*What needs to be done*
Write the line that contains "Room for Rent" and each one after it, word for word, ending with the final line of the data.

*Dataset entries*
──────────

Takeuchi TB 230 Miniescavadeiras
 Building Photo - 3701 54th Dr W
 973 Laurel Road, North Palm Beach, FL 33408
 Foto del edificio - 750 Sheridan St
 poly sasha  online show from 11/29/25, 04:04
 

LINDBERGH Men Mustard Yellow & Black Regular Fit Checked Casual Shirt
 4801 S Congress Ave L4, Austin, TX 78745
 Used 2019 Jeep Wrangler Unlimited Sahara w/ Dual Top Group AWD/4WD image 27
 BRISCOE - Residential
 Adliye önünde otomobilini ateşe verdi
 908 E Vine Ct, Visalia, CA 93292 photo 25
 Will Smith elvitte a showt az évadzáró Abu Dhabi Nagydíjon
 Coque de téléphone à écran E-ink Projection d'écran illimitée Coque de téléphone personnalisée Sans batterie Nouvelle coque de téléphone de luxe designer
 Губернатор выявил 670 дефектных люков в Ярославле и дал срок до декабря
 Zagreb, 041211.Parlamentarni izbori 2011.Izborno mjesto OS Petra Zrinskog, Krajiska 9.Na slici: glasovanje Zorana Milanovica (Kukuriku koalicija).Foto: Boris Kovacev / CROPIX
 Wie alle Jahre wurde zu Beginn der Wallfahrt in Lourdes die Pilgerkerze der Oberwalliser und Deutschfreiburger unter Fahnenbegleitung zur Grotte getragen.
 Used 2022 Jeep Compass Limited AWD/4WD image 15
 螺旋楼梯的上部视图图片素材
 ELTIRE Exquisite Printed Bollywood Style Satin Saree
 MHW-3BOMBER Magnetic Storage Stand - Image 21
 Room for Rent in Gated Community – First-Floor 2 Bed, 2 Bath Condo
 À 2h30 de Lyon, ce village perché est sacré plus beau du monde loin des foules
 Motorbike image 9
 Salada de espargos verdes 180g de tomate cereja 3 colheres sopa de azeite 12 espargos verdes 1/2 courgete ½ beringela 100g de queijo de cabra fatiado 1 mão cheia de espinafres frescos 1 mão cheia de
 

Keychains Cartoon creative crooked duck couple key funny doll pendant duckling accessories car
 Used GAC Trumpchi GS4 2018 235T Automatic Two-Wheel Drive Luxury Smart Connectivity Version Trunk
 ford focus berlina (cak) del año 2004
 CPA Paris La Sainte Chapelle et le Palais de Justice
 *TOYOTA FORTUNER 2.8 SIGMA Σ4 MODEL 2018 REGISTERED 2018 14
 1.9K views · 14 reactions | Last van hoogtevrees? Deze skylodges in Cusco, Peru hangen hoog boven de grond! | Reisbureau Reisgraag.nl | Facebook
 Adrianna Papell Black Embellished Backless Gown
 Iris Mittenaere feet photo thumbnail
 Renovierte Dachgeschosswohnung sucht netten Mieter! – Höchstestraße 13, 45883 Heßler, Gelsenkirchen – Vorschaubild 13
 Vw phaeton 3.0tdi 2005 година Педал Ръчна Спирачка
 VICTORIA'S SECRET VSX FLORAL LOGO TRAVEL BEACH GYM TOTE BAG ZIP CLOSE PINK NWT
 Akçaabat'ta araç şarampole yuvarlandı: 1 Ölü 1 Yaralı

──────────

*Problem solution*
 Room for Rent in Gated Community – First-Floor 2 Bed, 2 Bath Condo
 À 2h30 de Lyon, ce village perché est sacré plus beau du monde loin des foules
 Motorbike image 9
 Salada de espargos verdes 180g de tomate cereja 3 colheres sopa de azeite 12 espargos verdes 1/2 courgete ½ beringela 100g de queijo de cabra fatiado 1 mão cheia de espinafres frescos 1 mão cheia de
 

Keychains Cartoon creative crooked duck couple key funny doll pendant duckling accessories car
 Used GAC Trumpchi GS4 2018 235T Automatic Two-Wheel Drive Luxury Smart Connectivity Version Trunk
 ford focus berlina (cak) del año 2004
 CPA Paris La Sainte Chapelle et le Palais de Justice
 *TOYOTA FORTUNER 2.8 SIGMA Σ4 MODEL 2018 REGISTERED 2018 14
 1.9K views · 14 reactions | Last van hoogtevrees? Deze skylodges in Cusco, Peru hangen hoog boven de grond! | Reisbureau Reisgraag.nl | Facebook
 Adrianna Papell Black Embellished Backless Gown
 Iris Mittenaere feet photo thumbnail
 Renovierte Dachgeschosswohnung sucht netten Mieter! – Höchstestraße 13, 45883 Heßler, Gelsenkirchen – Vorschaubild 13
 Vw phaeton 3.0tdi 2005 година Педал Ръчна Спирачка
 VICTORIA'S SECRET VSX FLORAL LOGO TRAVEL BEACH GYM TOTE BAG ZIP CLOSE PINK NWT
 Akçaabat'ta araç şarampole yuvarlandı: 1 Ölü 1 Yaralı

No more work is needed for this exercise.